John Kerry has insisted that any military strike on Syria will be "unbelievably small." But not as small as the SUPPORT for a strike on Syria.
Last week Americans viewed 12 times as many stories about Miley Cyrus as they did about Syria. Which is why last night President Obama gave his speech on Syria while rubbing up against Robin Thicke.
I'm a little bummed out because it looks like the Anthony Weiner madness is finally over. It was so good for talk show hosts, one of the best things that ever happened. As he drove away from reporters, he gave them the finger. So at least he went out with dignity. That's the important thing.
The new secretary of the Vatican said that celibacy for priests is open to discussion. In a related story, nuns are now allowed to twerk.
This is weird. A brewer has apparently come out with a beer that you can spread on toast. It is said to appeal to a very specific market known as alcoholics.
The United States is going to make a deal with Russia and Syria. What could possibly go wrong? Here’s the deal: Syria will turn over their stockpiled chemicals and we send them Alex Rodriguez.
You know whose birthday it is? Evil Syrian President Bashar al-Assad, 48 years old today. It would be nice if he had a surprise birthday party from SEAL Team 6.
McDonald's is now serving steak. Nothing says fine dining like rolling down your car window and screaming out, "medium rare!"
Can the USDA consider it prime beef if it comes with a toy?
Tonight was a very special episode of "Here Comes Honey Boo Boo." Mama June and Sugar Bear had a commitment ceremony. That's like a wedding but without that old-fashioned crap about being legally required to give away half your stuff.
Of course they got dressed up for the commitment ceremony. Camouflage is a bold fashion choice for a wedding, isn't it? Nothing ruins your wedding faster than hunters who think you're caribou.
The whole idea of a commitment ceremony is not for me. It's usually when married people say they're renewing their vows. And I don't see the point in renewing your vows. It is not a magazine subscription. You don't have to renew it.
Celebrity couples renew their wedding vows all the time. They usually give an interview explaining their marriage is "rock solid," and they just want to "get back to what's important." And the husband is "totally not gay."

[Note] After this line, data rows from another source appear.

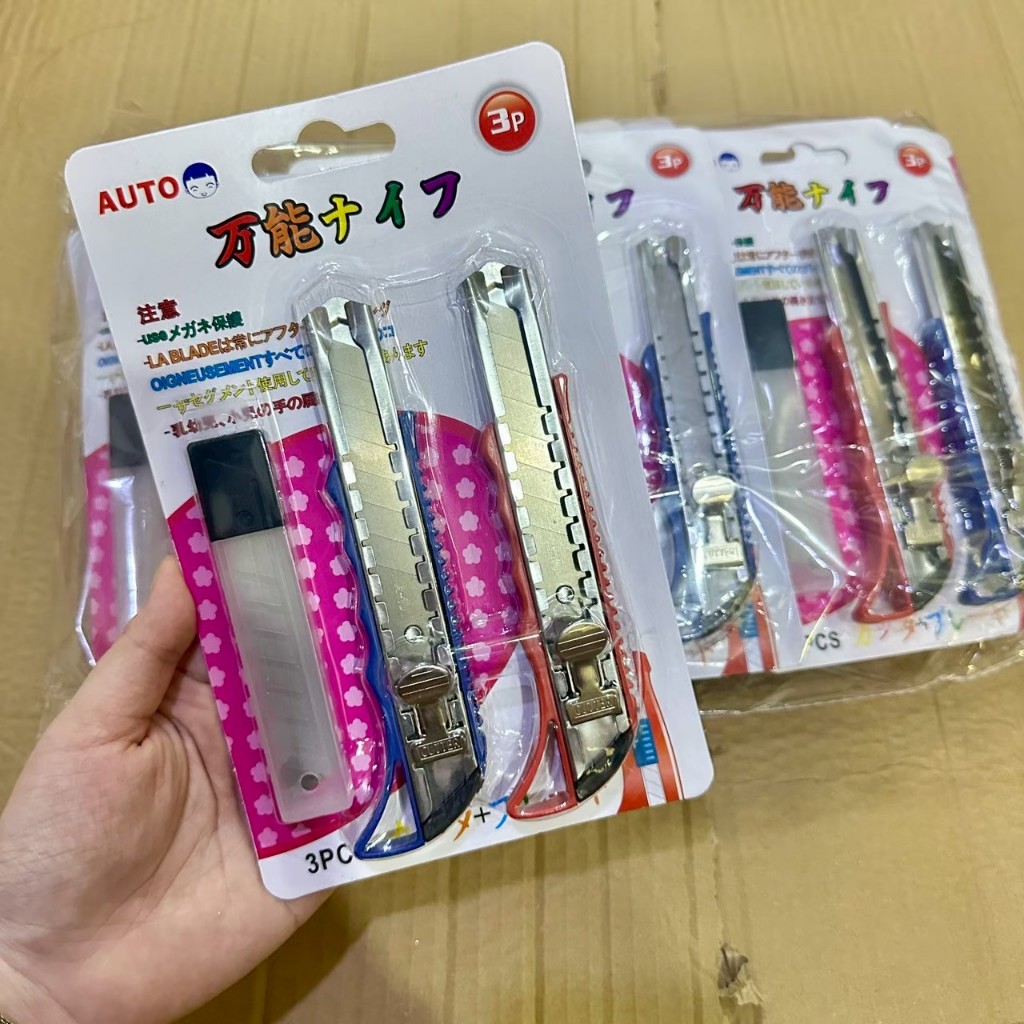 คัตเตอร์พร้อมใบมีดใหญ่ 1แผงมี3ชิ้น ขายยกโหล 12 แผง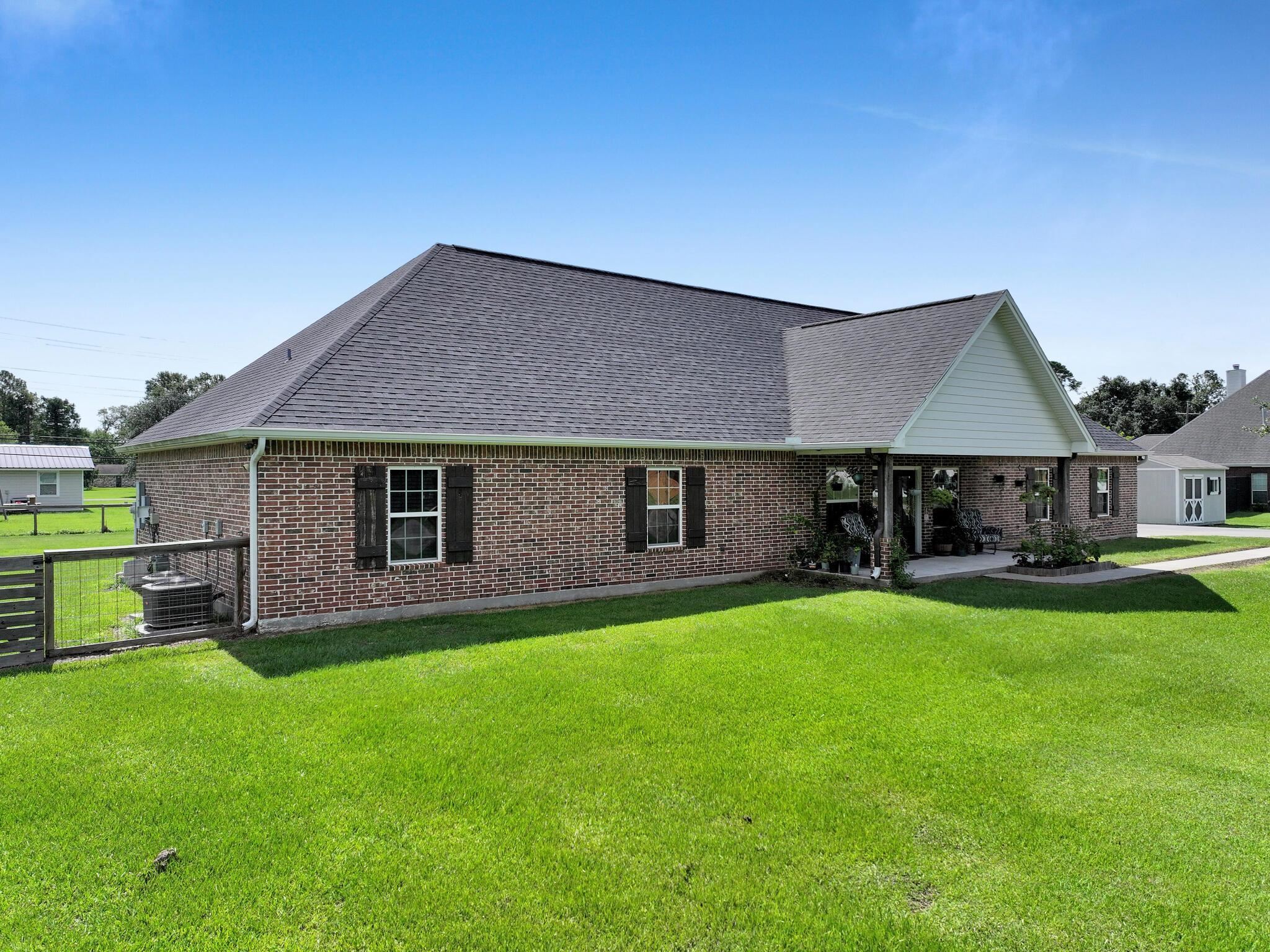 Property Photo: 5225 Highlander TX 77630
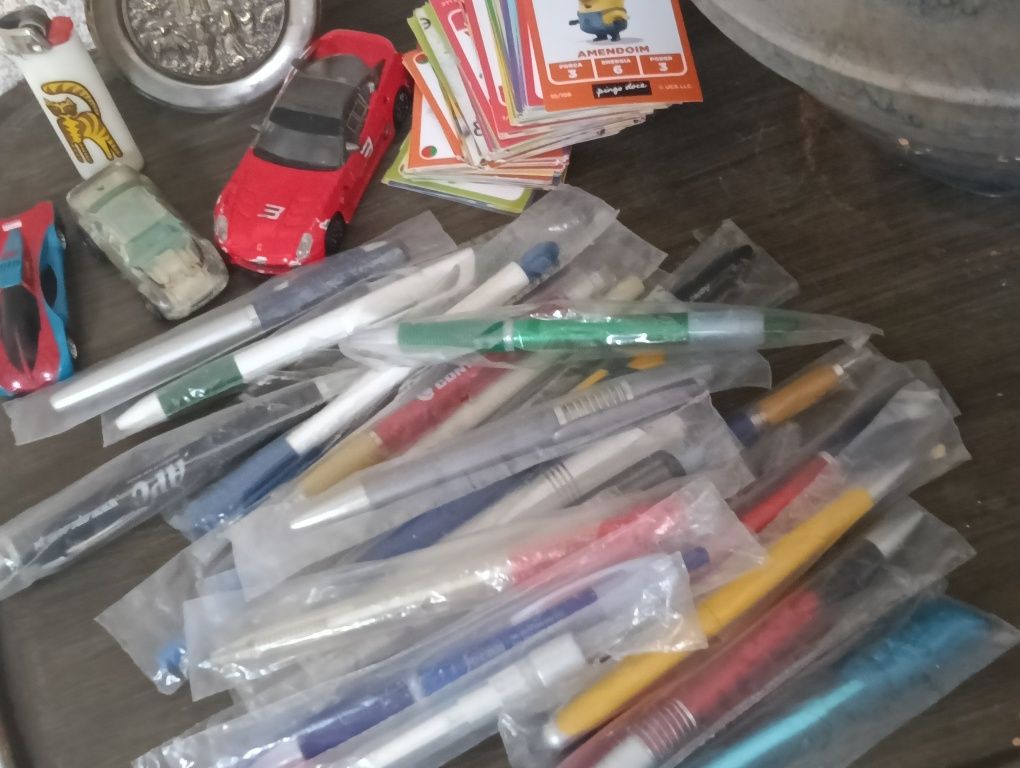 Lote de 22 canetas ainda no plástico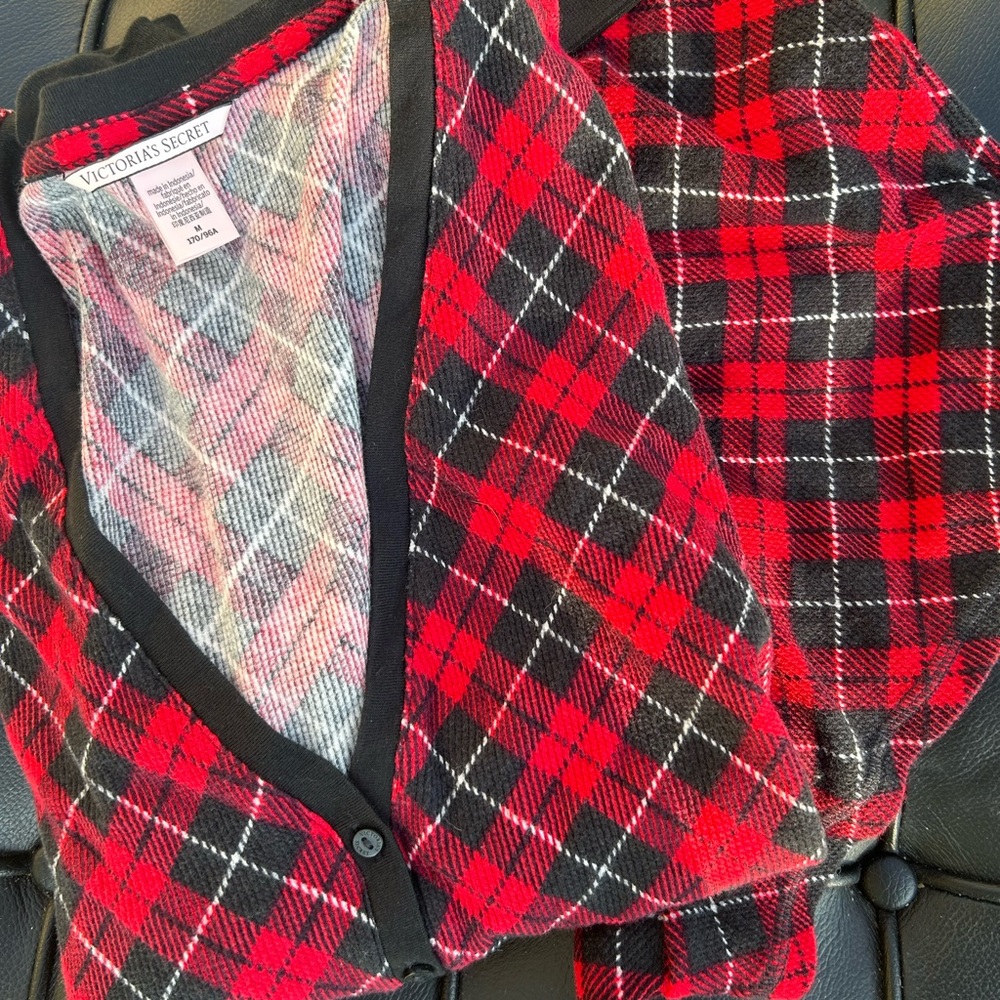 New Victoria secret pajama set size M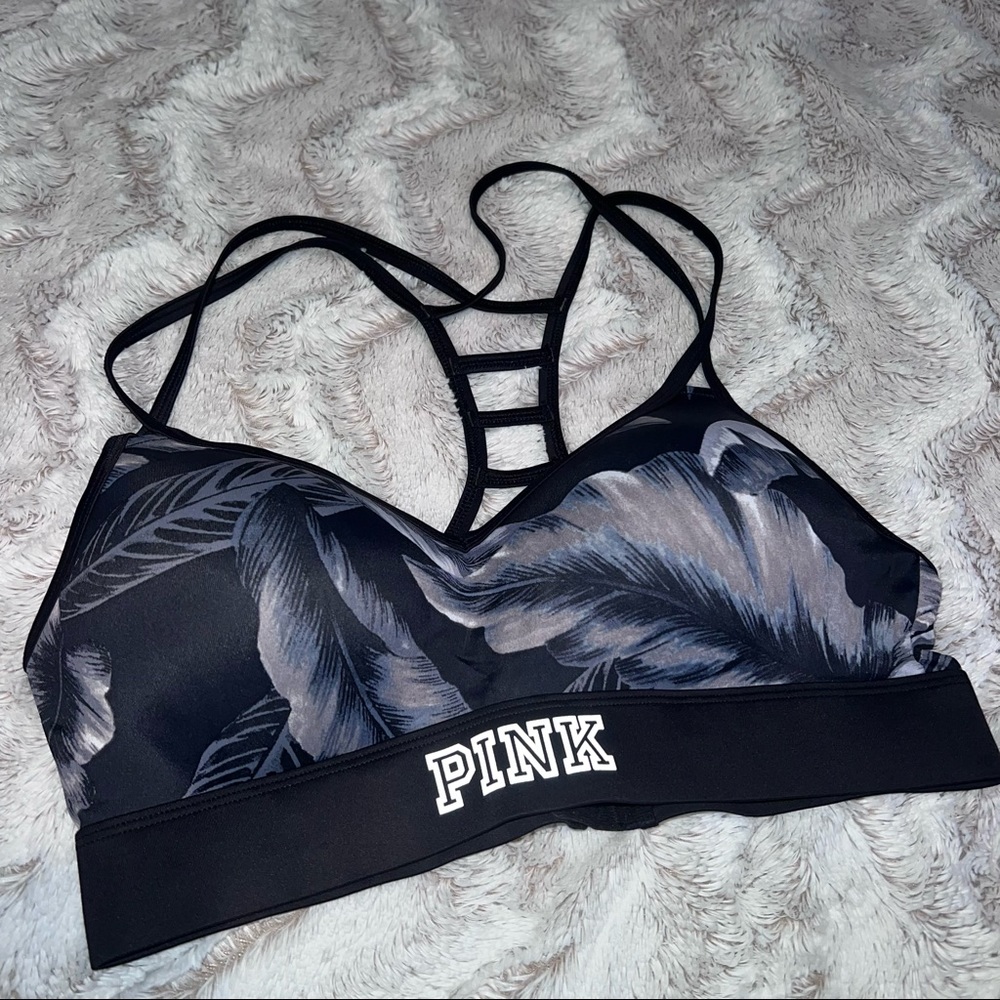 Victoria’s Secret PINK sports bra w/ ladder back and adjustable back closure med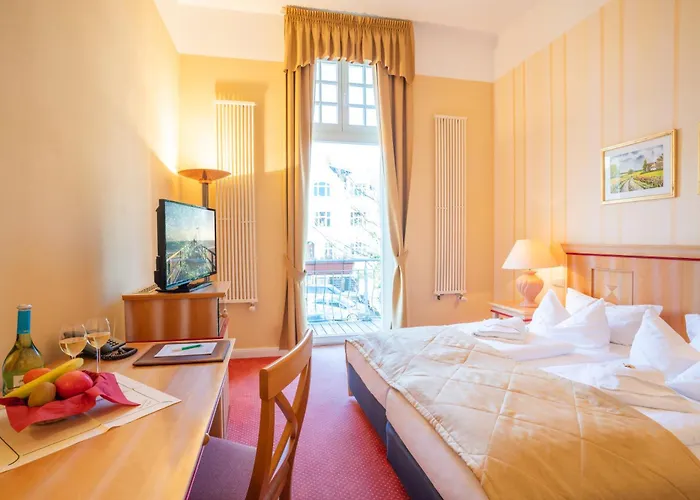 Strandhotel Moewe 3*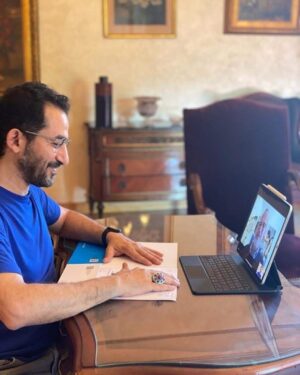 Ahmed Helmy Instagram - سعيد جداً باختياري كسفير ليونيسف لمنطقة الشرق الأوسط وشمال إفريقيا
@unicef_mena

على مدار الخمس سنين اللي فاتو اشتغلت مع يونيسف مصر @unicef.egypt
على ملفات مهمة لتنمية الطفولة المبكرة، والتربية الإيجابية، والتصدي للتنمر. والفترة الجاية حنركز على القضايا الإقليمية اللي بتمس كل أطفالنا.  وبإذن الله نقدر مع بعض نساعدهم وخصوصاً  اللي عايشيين في مناطق النزاعات على إنهم يكبروا بدون خوف ولاحرمان من التعليم.
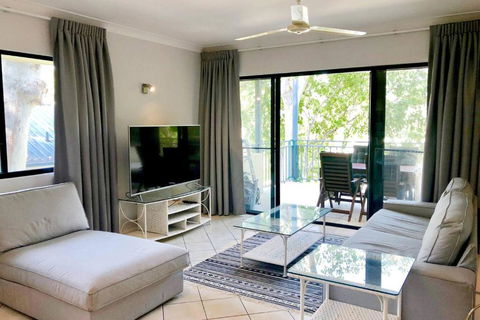 Salt & Sand - Tropical Oasis Footsteps To Beach - Lismore Accommodation 1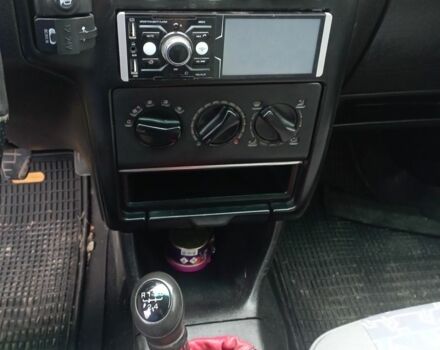 Красный Сеат Кордоба, объемом двигателя 1.4 л и пробегом 341 тыс. км за 1000 $, фото 8 на Automoto.ua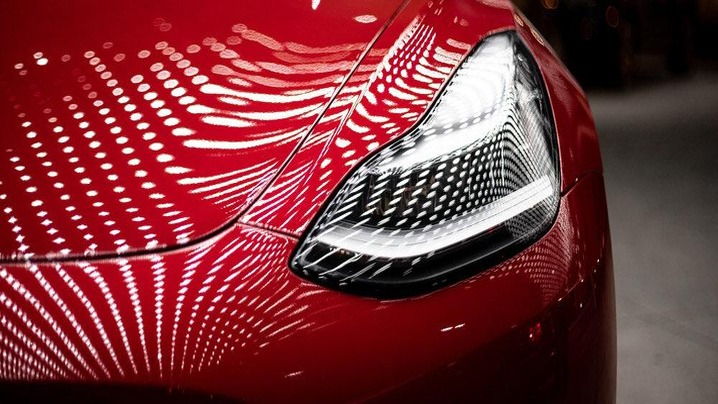 What Makes a Car Company Valuable?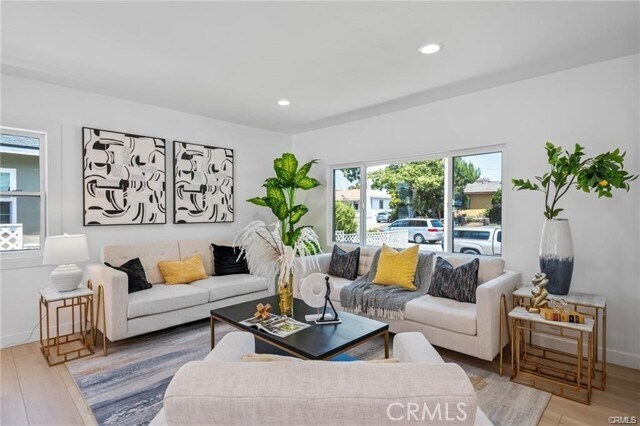 Foto del edificio - 2734 Armour Ln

In New York, former Congressman Anthony Weiner became the first candidate to concede in his bid to become the Democratic candidate for mayor. Weiner got less than 5 percent of the vote and came in fifth. There's got to be something else he can run for. I have 3,000 more Anthony Weiner jokes.
You know, while losing the election was bad news for Anthony Weiner, it was great news for Carlos Danger. Carlos just opened four new dating accounts.
Since marijuana is now legal in Colorado they have to tax it like anything else, and this got people upset. This week, activists in Colorado were handing out free marijuana to protest the high taxes. Then later the pot activists were like, “We did WHAT?”
There's been some talk that the Vatican is considering a new rule that would allow Catholic priests to get married one day. Critics of the rule say priests should remain celibate. While others said, “You've never been married, have you?”
HBO announced a new detective show starring Matthew McConaughey and Woody Harrelson. Apparently they try to break suspects using that new interrogation technique, "laid-back cop/even more laid-back cop."
One Direction's new concert movie apparently has flopped at the U.K. box office even though it's been a huge hit here in the U.S. Yeah, they're killing it here, and doing terrible over in England — or as toothpaste put it, “Join the club.”